**INPUT MATERIAL:**
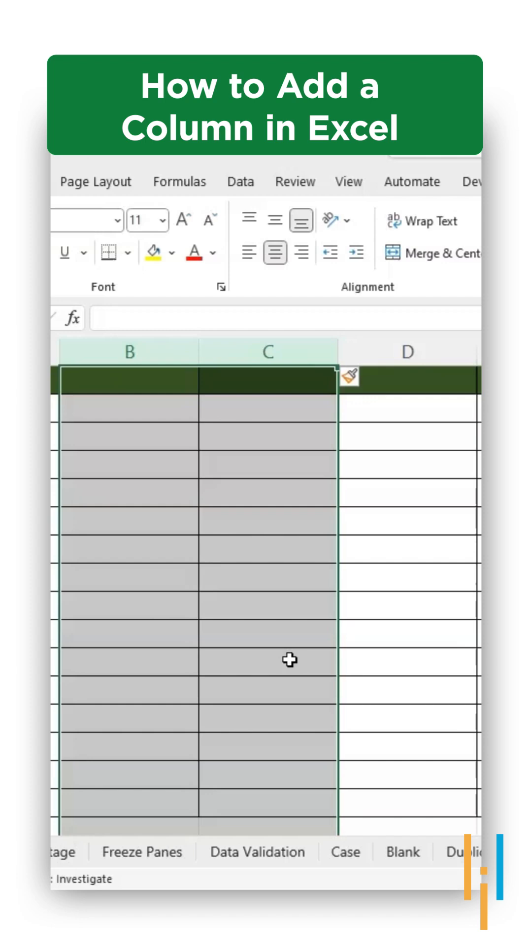That's how you can add columns in Excel. And for more such shortcuts in Excel, subscribe to Simply Learn.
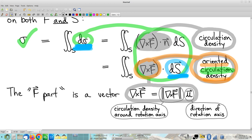We're broadening our minds as to what the word density can mean — it doesn't have to be quantity per unit size; it can be quantity per unit oriented size, thus the notion of an oriented density. I know that's a lot to chew on and digest. Give yourself the time as needed; if you need to rewind and listen to this portion again, please do.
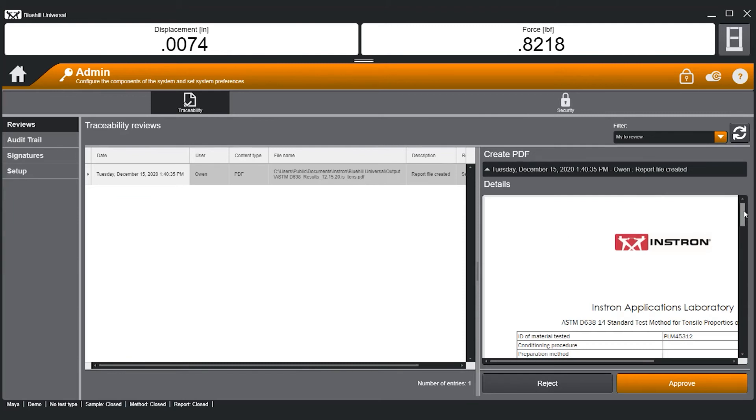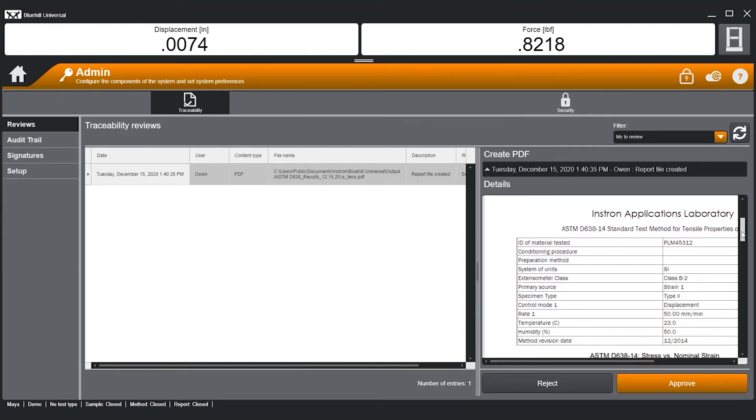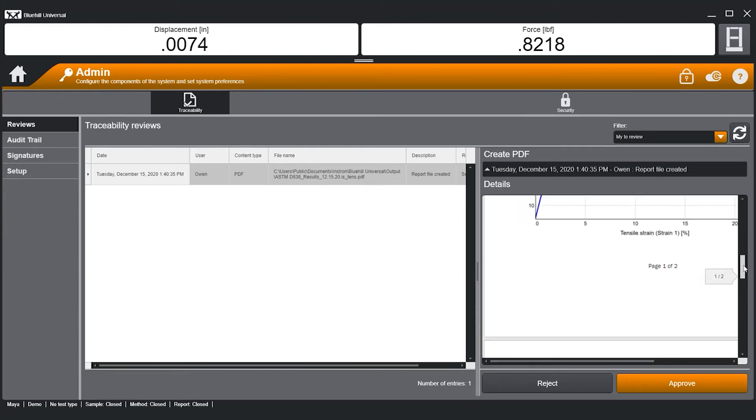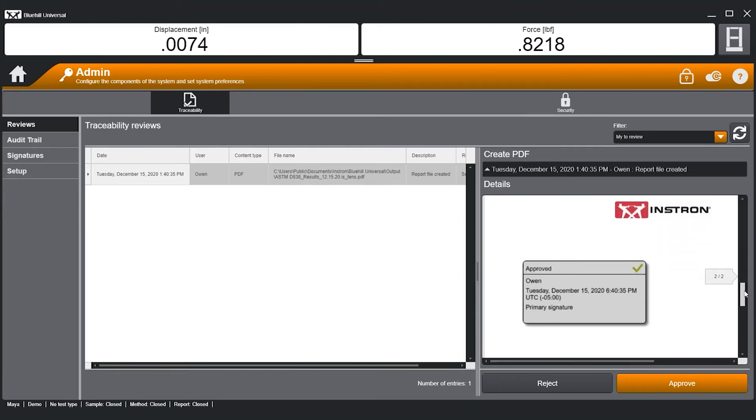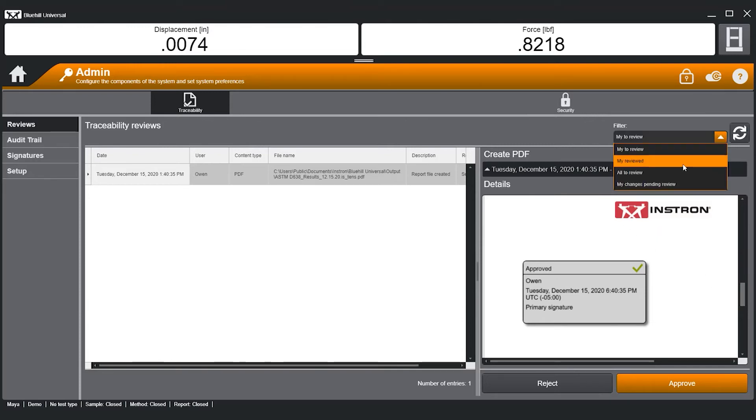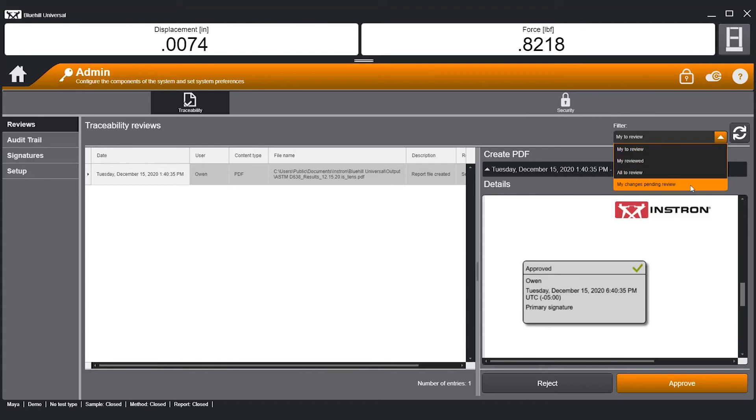PDF reports of test results are visible to assist the evaluation of data. Without secondary and tertiary signature permissions, users can view a list of their own pending changes.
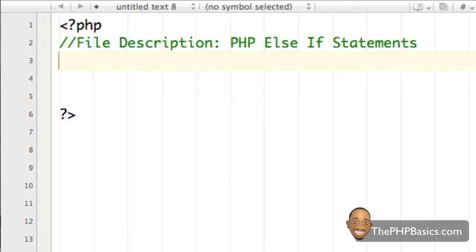For example, say we wanted to create a website that displayed a certain message based on the temperature outside. So if the temperature is 60 degrees or less, we would say it is cold outside. Else if the temperature is between 60 and 80 degrees, we would say it is warm outside. Else if the temperature is between 80 and 100 degrees, we would say it is hot outside. Else it is extremely hot outside.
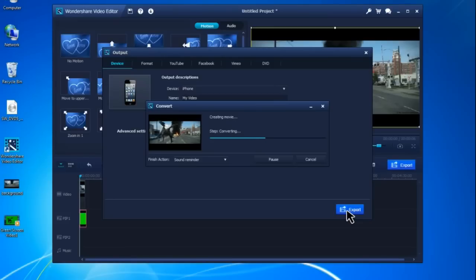Now download Wondershare Video Editor and make your own green screen video. Don't forget to subscribe to our channel.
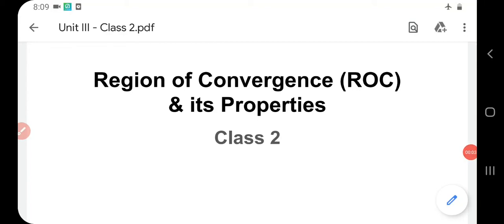Good morning. In today's class we will learn about Region of Convergence, that is ROC, and its properties. In the last class we studied about Z-transforms and briefly mentioned ROC. Today we will go into more detail about ROC and its properties.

**TASK INSTRUCTIONS:**
Restate the entries verbatim and exclude any pictures.

**RESULT:**
That's how you can add columns in Excel. And for more such shortcuts in Excel, subscribe to Simply Learn.
We're broadening our minds as to what the word density can mean — it doesn't have to be quantity per unit size; it can be quantity per unit oriented size, thus the notion of an oriented density. I know that's a lot to chew on and digest. Give yourself the time as needed; if you need to rewind and listen to this portion again, please do.
PDF reports of test results are visible to assist the evaluation of data. Without secondary and tertiary signature permissions, users can view a list of their own pending changes.
For example, say we wanted to create a website that displayed a certain message based on the temperature outside. So if the temperature is 60 degrees or less, we would say it is cold outside. Else if the temperature is between 60 and 80 degrees, we would say it is warm outside. Else if the temperature is between 80 and 100 degrees, we would say it is hot outside. Else it is extremely hot outside.
Now download Wondershare Video Editor and make your own green screen video. Don't forget to subscribe to our channel.
Good morning. In today's class we will learn about Region of Convergence, that is ROC, and its properties. In the last class we studied about Z-transforms and briefly mentioned ROC. Today we will go into more detail about ROC and its properties.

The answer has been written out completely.